▸ **PROBLEM TO SOLVE**
Every single entry must be reproduced precisely.

▸ **PROVIDED ENTRIES**
+-------+
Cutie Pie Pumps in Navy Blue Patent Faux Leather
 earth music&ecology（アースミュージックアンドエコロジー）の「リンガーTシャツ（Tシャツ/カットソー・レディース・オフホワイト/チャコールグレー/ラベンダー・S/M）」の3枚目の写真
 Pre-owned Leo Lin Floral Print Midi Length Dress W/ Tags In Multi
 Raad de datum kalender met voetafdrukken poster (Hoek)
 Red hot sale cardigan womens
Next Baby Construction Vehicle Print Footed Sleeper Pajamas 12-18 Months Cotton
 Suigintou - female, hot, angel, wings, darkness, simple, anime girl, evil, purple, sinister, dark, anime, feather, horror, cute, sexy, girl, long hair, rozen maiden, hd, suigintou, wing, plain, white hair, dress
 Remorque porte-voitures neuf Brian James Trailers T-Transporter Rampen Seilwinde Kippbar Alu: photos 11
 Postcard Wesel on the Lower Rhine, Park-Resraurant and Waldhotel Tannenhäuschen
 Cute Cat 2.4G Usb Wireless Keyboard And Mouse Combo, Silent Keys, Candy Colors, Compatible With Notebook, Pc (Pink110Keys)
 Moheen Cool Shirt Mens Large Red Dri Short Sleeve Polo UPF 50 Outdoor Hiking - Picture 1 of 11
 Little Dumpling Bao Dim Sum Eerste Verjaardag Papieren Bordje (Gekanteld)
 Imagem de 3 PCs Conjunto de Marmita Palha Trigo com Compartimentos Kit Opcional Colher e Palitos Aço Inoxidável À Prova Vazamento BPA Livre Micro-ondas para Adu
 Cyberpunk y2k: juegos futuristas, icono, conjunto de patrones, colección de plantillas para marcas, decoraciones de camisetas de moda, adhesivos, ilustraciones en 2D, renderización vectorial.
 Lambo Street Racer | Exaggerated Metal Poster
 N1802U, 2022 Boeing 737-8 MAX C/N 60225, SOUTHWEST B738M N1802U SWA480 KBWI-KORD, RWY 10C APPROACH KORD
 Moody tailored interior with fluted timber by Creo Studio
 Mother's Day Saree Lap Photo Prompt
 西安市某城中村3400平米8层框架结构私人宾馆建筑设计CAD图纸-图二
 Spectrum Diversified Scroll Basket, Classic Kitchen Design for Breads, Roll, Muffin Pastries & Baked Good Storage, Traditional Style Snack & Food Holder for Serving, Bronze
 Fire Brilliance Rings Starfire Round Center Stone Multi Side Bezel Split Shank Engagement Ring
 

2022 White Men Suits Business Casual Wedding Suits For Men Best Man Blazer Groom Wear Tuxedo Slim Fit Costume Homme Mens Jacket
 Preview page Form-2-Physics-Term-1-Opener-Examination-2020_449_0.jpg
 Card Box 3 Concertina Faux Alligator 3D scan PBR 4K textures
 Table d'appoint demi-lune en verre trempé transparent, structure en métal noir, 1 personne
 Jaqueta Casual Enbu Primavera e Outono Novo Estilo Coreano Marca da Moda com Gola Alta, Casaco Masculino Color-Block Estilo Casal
+-------+
▸ **FINISHED EXERCISE**
Cutie Pie Pumps in Navy Blue Patent Faux Leather
 earth music&ecology（アースミュージックアンドエコロジー）の「リンガーTシャツ（Tシャツ/カットソー・レディース・オフホワイト/チャコールグレー/ラベンダー・S/M）」の3枚目の写真
 Pre-owned Leo Lin Floral Print Midi Length Dress W/ Tags In Multi
 Raad de datum kalender met voetafdrukken poster (Hoek)
 Red hot sale cardigan womens
Next Baby Construction Vehicle Print Footed Sleeper Pajamas 12-18 Months Cotton
 Suigintou - female, hot, angel, wings, darkness, simple, anime girl, evil, purple, sinister, dark, anime, feather, horror, cute, sexy, girl, long hair, rozen maiden, hd, suigintou, wing, plain, white hair, dress
 Remorque porte-voitures neuf Brian James Trailers T-Transporter Rampen Seilwinde Kippbar Alu: photos 11
 Postcard Wesel on the Lower Rhine, Park-Resraurant and Waldhotel Tannenhäuschen
 Cute Cat 2.4G Usb Wireless Keyboard And Mouse Combo, Silent Keys, Candy Colors, Compatible With Notebook, Pc (Pink110Keys)
 Moheen Cool Shirt Mens Large Red Dri Short Sleeve Polo UPF 50 Outdoor Hiking - Picture 1 of 11
 Little Dumpling Bao Dim Sum Eerste Verjaardag Papieren Bordje (Gekanteld)
 Imagem de 3 PCs Conjunto de Marmita Palha Trigo com Compartimentos Kit Opcional Colher e Palitos Aço Inoxidável À Prova Vazamento BPA Livre Micro-ondas para Adu
 Cyberpunk y2k: juegos futuristas, icono, conjunto de patrones, colección de plantillas para marcas, decoraciones de camisetas de moda, adhesivos, ilustraciones en 2D, renderización vectorial.
 Lambo Street Racer | Exaggerated Metal Poster
 N1802U, 2022 Boeing 737-8 MAX C/N 60225, SOUTHWEST B738M N1802U SWA480 KBWI-KORD, RWY 10C APPROACH KORD
 Moody tailored interior with fluted timber by Creo Studio
 Mother's Day Saree Lap Photo Prompt
 西安市某城中村3400平米8层框架结构私人宾馆建筑设计CAD图纸-图二
 Spectrum Diversified Scroll Basket, Classic Kitchen Design for Breads, Roll, Muffin Pastries & Baked Good Storage, Traditional Style Snack & Food Holder for Serving, Bronze
 Fire Brilliance Rings Starfire Round Center Stone Multi Side Bezel Split Shank Engagement Ring
 

2022 White Men Suits Business Casual Wedding Suits For Men Best Man Blazer Groom Wear Tuxedo Slim Fit Costume Homme Mens Jacket
 Preview page Form-2-Physics-Term-1-Opener-Examination-2020_449_0.jpg
 Card Box 3 Concertina Faux Alligator 3D scan PBR 4K textures
 Table d'appoint demi-lune en verre trempé transparent, structure en métal noir, 1 personne
 Jaqueta Casual Enbu Primavera e Outono Novo Estilo Coreano Marca da Moda com Gola Alta, Casaco Masculino Color-Block Estilo Casal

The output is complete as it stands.